### What the task asks
Find the word "doentes" in the data, then copy each line where it is found.

### Data for this task
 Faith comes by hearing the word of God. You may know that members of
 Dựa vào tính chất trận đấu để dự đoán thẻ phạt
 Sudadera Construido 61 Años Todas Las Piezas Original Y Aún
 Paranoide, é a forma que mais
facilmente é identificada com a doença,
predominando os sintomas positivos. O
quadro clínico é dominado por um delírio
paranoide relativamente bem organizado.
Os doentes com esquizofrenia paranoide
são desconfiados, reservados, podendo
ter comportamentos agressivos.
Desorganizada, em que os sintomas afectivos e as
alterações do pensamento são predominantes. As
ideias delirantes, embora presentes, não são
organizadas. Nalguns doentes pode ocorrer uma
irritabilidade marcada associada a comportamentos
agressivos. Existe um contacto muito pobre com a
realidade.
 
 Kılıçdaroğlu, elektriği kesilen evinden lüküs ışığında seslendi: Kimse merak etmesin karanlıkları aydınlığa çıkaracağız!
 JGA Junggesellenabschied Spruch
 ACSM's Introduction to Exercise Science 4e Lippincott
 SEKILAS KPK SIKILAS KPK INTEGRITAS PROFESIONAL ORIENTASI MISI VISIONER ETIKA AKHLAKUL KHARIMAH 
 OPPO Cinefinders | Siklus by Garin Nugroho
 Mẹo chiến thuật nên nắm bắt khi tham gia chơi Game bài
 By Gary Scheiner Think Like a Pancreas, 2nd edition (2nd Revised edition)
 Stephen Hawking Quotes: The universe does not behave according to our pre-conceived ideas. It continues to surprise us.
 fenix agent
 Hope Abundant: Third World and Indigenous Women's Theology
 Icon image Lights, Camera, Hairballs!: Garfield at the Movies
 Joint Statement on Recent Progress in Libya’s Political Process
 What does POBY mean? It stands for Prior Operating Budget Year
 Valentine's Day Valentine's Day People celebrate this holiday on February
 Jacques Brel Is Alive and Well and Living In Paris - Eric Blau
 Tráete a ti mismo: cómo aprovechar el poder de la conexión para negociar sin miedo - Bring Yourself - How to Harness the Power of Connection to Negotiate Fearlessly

### Answer to this task
Os doentes com esquizofrenia paranoide
organizadas. Nalguns doentes pode ocorrer uma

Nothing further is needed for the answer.